* _Input for this task_
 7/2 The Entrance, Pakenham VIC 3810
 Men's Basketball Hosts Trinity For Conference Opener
...
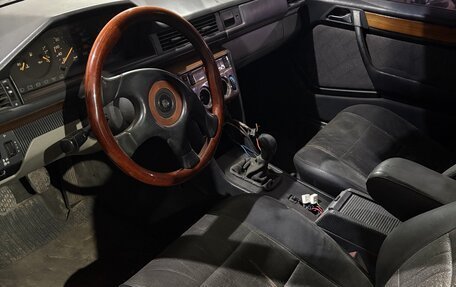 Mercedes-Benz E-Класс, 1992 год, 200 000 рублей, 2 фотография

* _What you have to do_
Your answer must consist solely of the lines above between the line holding "7/2 The Entrance, Pakenham VIC 3810" and the line holding "Men's Basketball Hosts", inclusive, copied exactly.

* _Solution to this problem_
 7/2 The Entrance, Pakenham VIC 3810
 Men's Basketball Hosts Trinity For Conference Opener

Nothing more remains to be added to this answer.